* Problem statement
Everything in the records below from the line containing "this 640×480 image." through the line containing "this 1288×944 image." is to be reproduced exactly, those two lines included; no picture is to be copied.

* Extracted records
BEGIN
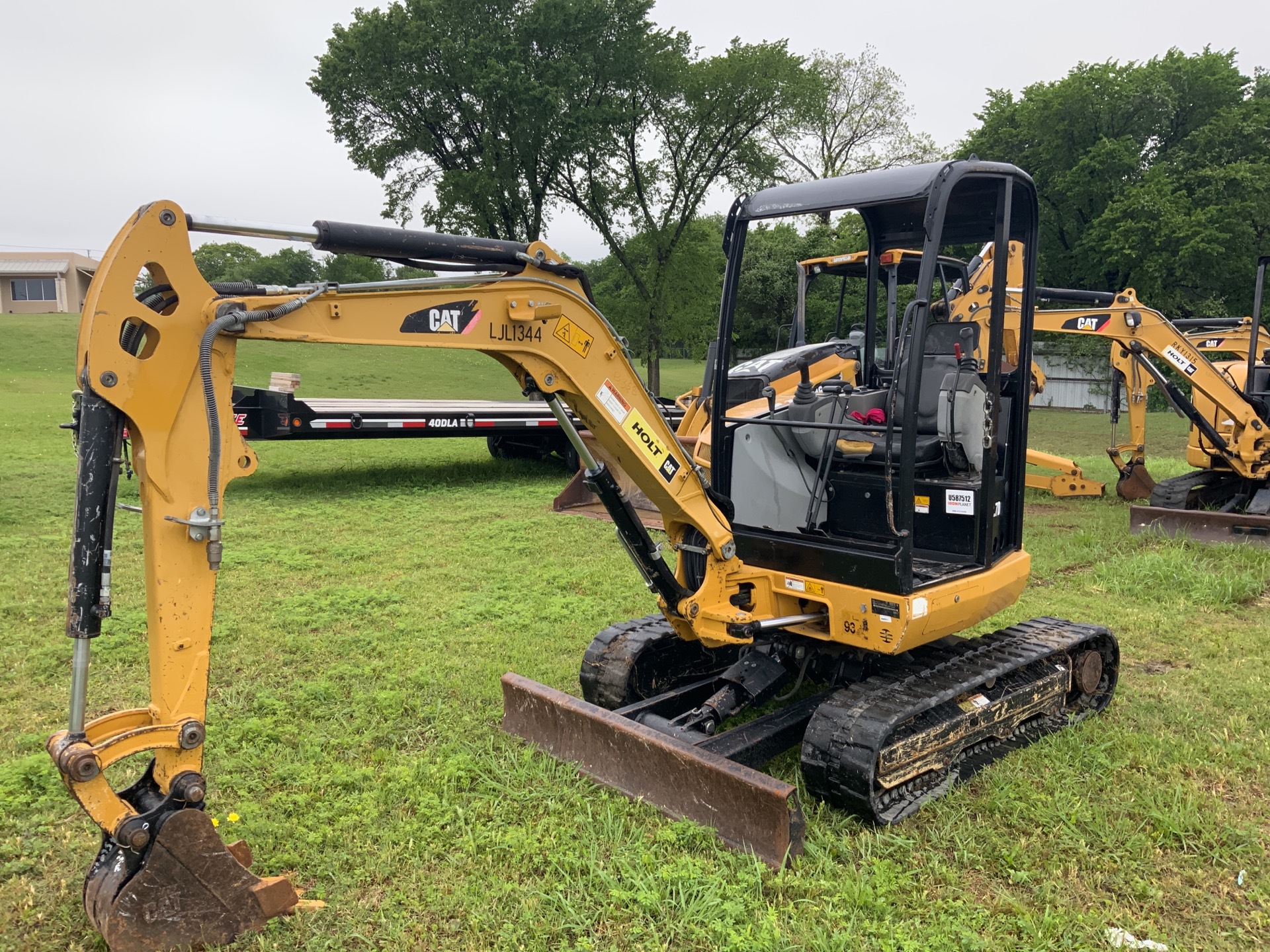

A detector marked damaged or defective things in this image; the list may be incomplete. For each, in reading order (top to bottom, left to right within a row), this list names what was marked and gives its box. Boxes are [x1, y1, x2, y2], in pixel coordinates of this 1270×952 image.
END
BEGIN
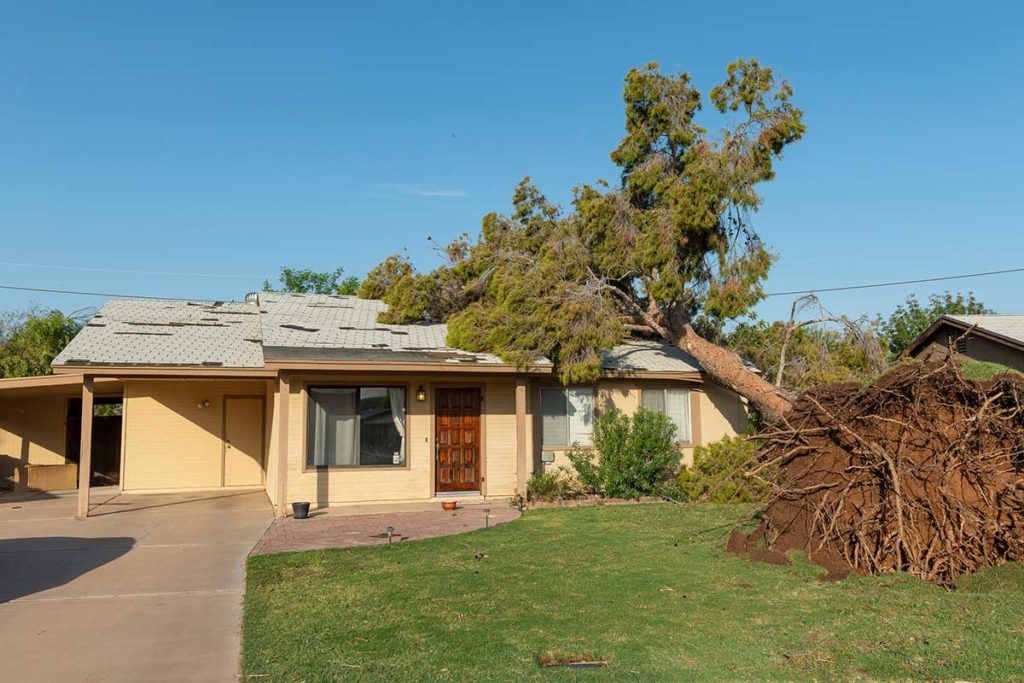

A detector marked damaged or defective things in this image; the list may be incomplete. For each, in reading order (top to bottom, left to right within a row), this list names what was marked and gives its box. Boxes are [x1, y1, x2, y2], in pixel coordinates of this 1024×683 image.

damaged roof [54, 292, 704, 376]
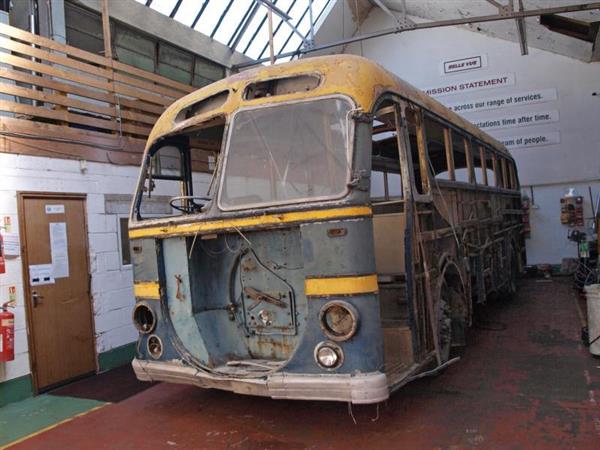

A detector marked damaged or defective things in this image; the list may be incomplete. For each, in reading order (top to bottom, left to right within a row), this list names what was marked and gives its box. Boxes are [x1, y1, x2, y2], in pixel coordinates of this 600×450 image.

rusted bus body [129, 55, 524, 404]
END
BEGIN
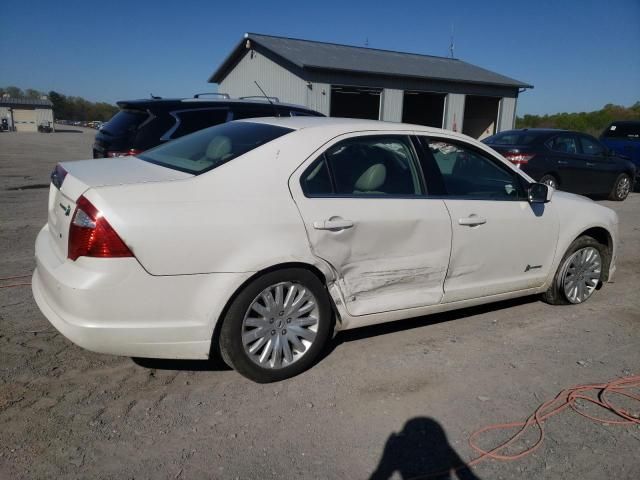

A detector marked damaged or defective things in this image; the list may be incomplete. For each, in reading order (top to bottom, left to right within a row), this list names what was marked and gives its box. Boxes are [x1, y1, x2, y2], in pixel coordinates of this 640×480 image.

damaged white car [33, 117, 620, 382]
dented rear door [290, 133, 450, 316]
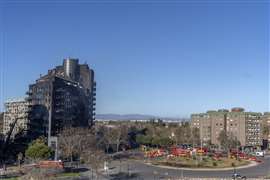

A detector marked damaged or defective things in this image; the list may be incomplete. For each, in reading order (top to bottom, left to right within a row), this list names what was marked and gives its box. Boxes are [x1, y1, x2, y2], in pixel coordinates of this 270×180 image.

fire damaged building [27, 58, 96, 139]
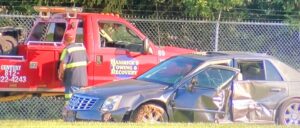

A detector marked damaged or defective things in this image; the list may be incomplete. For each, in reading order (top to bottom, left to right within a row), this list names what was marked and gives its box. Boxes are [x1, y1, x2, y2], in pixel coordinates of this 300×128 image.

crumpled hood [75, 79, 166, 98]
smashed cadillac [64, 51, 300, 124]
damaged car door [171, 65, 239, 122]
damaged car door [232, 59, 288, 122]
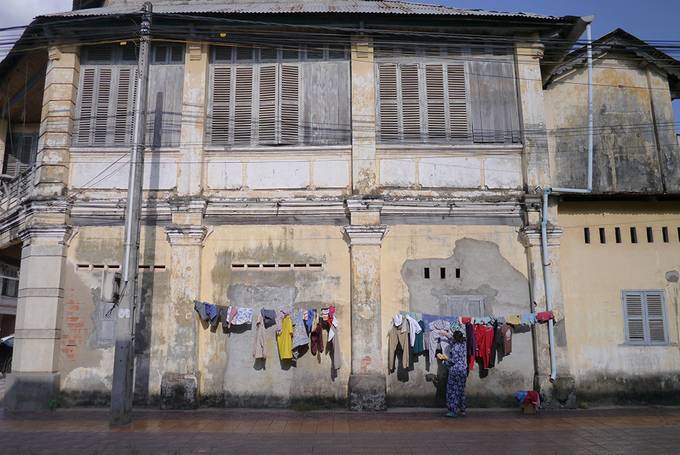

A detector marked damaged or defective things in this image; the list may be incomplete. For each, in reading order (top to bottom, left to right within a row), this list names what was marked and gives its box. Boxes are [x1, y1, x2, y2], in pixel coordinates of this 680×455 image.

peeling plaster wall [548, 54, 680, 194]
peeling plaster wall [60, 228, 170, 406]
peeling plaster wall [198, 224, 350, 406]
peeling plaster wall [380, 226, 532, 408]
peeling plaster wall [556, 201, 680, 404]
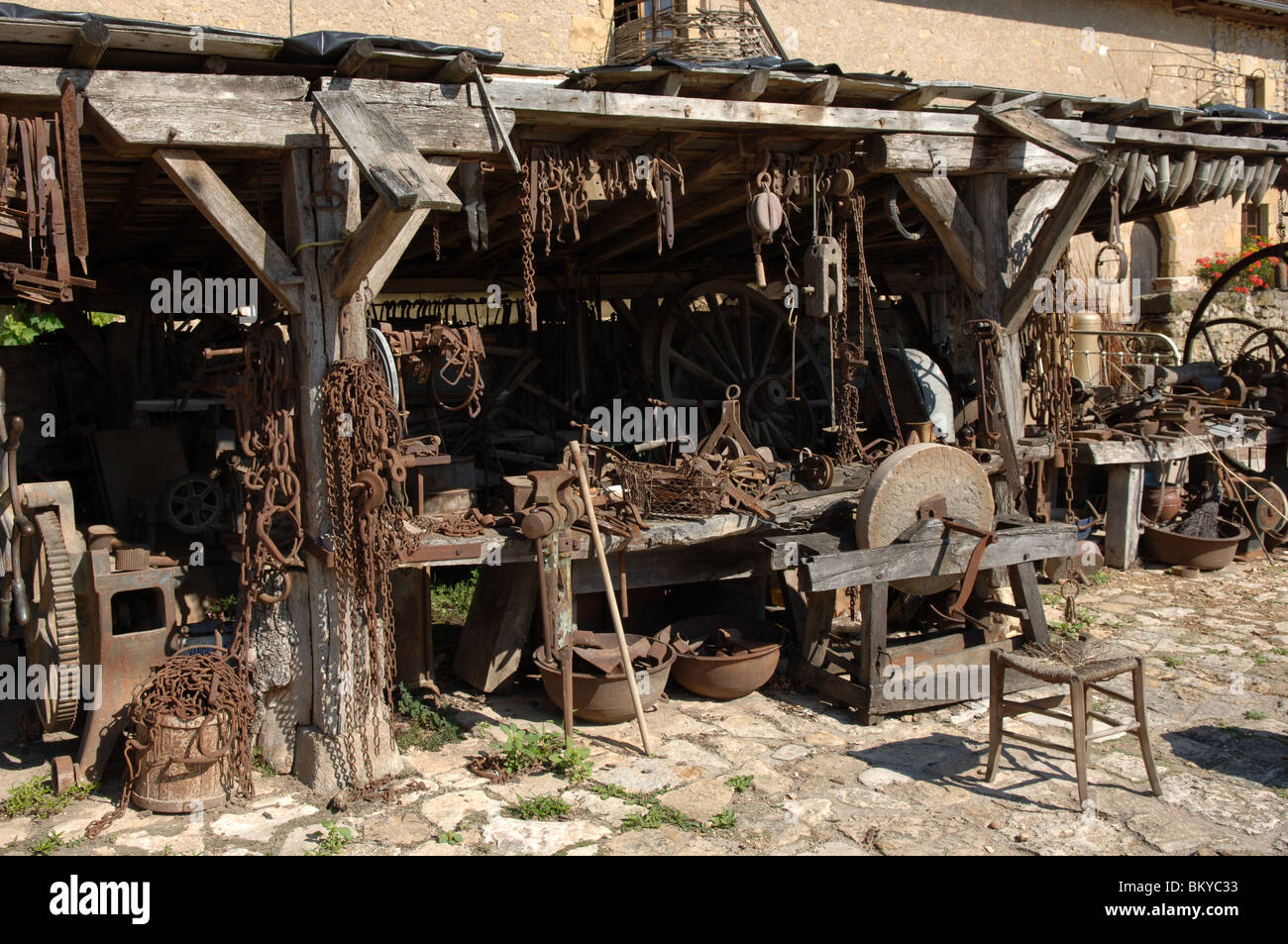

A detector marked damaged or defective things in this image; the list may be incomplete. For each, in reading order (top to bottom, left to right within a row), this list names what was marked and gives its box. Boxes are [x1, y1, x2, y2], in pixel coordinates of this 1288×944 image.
END
* Answer
A detector marked damaged or defective things in this image; the list may be incomplete. For each, in reading order (top to bottom, left to right within a row), this list names what was marked and gives its box. Boxes are [x1, y1, x2, y2], in pixel coordinates of this 640×480 image.

damaged white car [33, 117, 620, 382]
dented rear door [290, 133, 450, 316]

A detector marked damaged or defective things in this image; the list may be incomplete. For each, in reading order (top to bottom, left to right within a row), this list names what was marked and gives its box. Boxes are [x1, y1, x2, y2], in pixel coordinates of this 270×180 image.

fire damaged building [27, 58, 96, 139]

A detector marked damaged or defective things in this image; the list may be incomplete. For each, in reading order (top to bottom, left to right within a row), this list names what was marked and gives its box. Boxes are [x1, y1, x2, y2], in pixel coordinates of this 300×128 image.

crumpled hood [75, 79, 166, 98]
smashed cadillac [64, 51, 300, 124]
damaged car door [171, 65, 239, 122]
damaged car door [232, 59, 288, 122]

A detector marked damaged or defective things in this image; the list may be incomplete. For each, in reading order (top to bottom, left to right within a row), this list names what was marked and gives its box. Boxes are [x1, y1, x2, y2], in pixel coordinates of this 680×455 image.

peeling plaster wall [548, 54, 680, 194]
peeling plaster wall [60, 228, 170, 406]
peeling plaster wall [198, 224, 350, 406]
peeling plaster wall [380, 226, 532, 408]
peeling plaster wall [556, 201, 680, 404]

A detector marked damaged or defective things in this image; the list may be incomplete. For each, in reading order (top to bottom, left to right within a row), this list names what was marked and gives its box. Boxes are [x1, y1, x2, y2], in pixel coordinates of this 1288×944 image.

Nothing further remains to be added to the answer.